Known CI Test Failures
These 8 cursor-tester scenarios fail consistently in CI.
They are environment limitations, not planner/search bugs.
The scenarios are valid E2E integration tests. They fail in CI because the runner lacks external infrastructure (Docker, GitHub API network access, AI model credentials). Fixing them requires provisioning that infrastructure or mocking dependencies, not improving the planner or search engine.
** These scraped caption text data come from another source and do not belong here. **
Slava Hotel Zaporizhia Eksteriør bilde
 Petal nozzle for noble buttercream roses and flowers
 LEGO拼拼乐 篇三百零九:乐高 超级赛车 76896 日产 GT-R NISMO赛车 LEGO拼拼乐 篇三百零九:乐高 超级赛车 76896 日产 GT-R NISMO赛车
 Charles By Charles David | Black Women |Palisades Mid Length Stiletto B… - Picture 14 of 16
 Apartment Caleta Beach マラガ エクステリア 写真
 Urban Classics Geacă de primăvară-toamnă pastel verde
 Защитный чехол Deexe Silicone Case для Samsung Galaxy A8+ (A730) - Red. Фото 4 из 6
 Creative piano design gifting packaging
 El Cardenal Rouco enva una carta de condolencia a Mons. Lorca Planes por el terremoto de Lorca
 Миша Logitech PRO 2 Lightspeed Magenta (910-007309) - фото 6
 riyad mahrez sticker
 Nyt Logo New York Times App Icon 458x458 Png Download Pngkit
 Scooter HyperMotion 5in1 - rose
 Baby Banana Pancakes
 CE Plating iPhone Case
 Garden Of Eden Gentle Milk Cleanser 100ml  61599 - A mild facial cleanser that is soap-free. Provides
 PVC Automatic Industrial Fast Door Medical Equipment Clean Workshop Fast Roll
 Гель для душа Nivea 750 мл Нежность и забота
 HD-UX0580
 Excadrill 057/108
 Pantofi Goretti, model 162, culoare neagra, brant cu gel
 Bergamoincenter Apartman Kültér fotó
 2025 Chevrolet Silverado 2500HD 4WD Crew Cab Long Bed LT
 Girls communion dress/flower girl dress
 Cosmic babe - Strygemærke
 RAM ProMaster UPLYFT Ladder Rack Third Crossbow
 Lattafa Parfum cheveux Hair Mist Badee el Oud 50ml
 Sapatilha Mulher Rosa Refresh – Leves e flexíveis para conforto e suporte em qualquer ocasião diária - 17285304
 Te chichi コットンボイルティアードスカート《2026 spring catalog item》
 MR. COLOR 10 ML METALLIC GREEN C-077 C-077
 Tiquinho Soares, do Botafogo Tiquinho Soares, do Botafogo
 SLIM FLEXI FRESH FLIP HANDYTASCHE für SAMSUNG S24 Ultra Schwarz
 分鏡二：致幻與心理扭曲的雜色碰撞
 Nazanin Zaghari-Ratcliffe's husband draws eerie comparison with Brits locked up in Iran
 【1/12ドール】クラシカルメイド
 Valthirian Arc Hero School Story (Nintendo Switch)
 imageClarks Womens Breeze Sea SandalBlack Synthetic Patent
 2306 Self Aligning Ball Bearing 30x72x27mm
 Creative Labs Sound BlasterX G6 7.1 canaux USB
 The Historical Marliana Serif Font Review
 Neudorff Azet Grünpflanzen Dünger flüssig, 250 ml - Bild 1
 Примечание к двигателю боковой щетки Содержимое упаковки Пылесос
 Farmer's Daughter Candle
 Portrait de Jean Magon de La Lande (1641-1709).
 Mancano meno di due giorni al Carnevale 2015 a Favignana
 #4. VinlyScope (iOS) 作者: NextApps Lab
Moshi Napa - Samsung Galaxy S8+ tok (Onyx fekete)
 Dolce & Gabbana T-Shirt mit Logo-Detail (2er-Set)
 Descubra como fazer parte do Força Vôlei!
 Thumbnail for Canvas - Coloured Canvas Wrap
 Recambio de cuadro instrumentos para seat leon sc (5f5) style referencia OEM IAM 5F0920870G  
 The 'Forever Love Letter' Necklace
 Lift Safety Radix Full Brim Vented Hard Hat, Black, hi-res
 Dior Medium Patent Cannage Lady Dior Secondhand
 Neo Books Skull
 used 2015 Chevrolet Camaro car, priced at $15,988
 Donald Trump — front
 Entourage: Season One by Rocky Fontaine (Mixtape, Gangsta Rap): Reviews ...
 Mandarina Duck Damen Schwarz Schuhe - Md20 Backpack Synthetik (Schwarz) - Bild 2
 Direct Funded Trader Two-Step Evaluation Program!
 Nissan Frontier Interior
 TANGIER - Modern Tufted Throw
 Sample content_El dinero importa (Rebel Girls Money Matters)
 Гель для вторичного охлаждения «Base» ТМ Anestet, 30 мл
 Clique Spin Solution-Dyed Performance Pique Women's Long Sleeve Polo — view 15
The Level 2 planner backlog is distinct from these – tracked in
docs/planner/.
CI-dependent (6)
| Scenario | Root cause |
|---|---|
docker_timeout |
Requires Docker daemon – not available in CI |
failure_without_logs |
Requires live GitHub workflow JSON – CI runner has no network access to GitHub API beyond checkout |
multiple_failed_jobs |
Same – requires live workflow data |
structural_extraction |
Same – requires live workflow data |
truncated_logs |
Same – requires live workflow data |
workflow_cancelled |
Same – requires live workflow data |
Diagnostics / Telemetry (2)
| Scenario | Root cause |
|---|---|
evidence_export |
Depends on cursor-agent --export-evidence being a complete end-to-end run; CI runner lacks model/AI service configuration |
replay_integrity |
Requires reading and writing trace files with a full execution pipeline; CI runner limitations prevent deterministic replay |
Validation pattern
To verify a change introduced no new failures, compare against this baseline:
./build/bin/cursor-tester scenarios/
# Expected: 41 scenarios, 33 passed, 8 failed
# Failed should be exactly the 8 above
CI exit code
The CI job exits with code 8 when these 8 scenarios fail.
This is the expected value. A new regression would change the
failure count or add new scenario names to the failure list.